[TASK ITEM]: Copy out the records precisely, omitting pictures.

(Stored data)
►

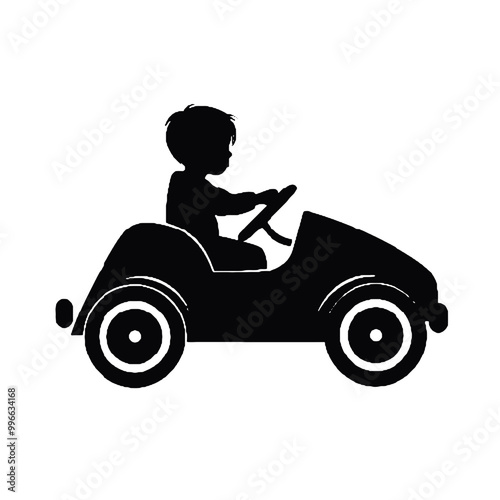 Boy in Toy Vehicle Silhouette Vector Illustration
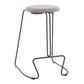 Len - Set of 2 - 20" Contemporary Counter Stools with Grey Steel Frame & Light Grey Upholstered Fabric Seats with Foam Padding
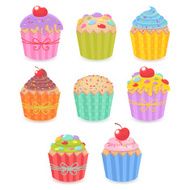 Set of tasty muffins and cupcakes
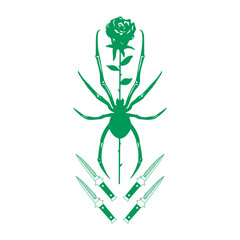 vector illustration of spider with rose
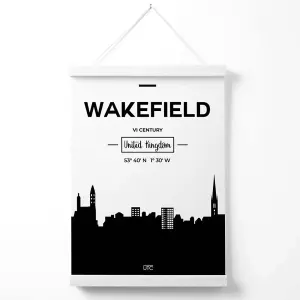 Wakefield Black and White City Skyline Poster with Hanger / 33cm / White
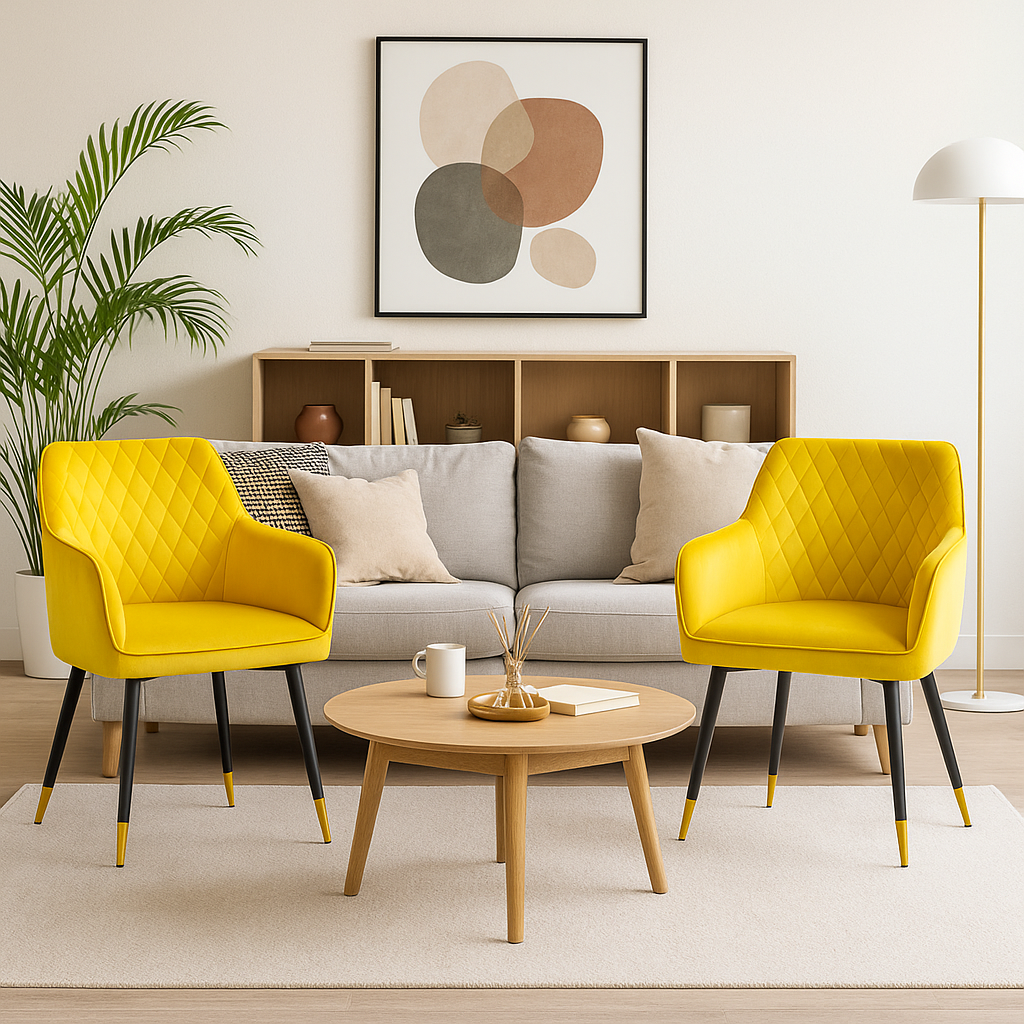 Coppia di poltroncine per sala da pranzo o sala d'attesa in velluto con gambe in ferro nere – dettaglio oro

◄

[EXERCISE OUTPUT]:
 Boy in Toy Vehicle Silhouette Vector Illustration
 Len - Set of 2 - 20" Contemporary Counter Stools with Grey Steel Frame & Light Grey Upholstered Fabric Seats with Foam Padding
 Set of tasty muffins and cupcakes
 vector illustration of spider with rose
 Wakefield Black and White City Skyline Poster with Hanger / 33cm / White
 Coppia di poltroncine per sala da pranzo o sala d'attesa in velluto con gambe in ferro nere – dettaglio oro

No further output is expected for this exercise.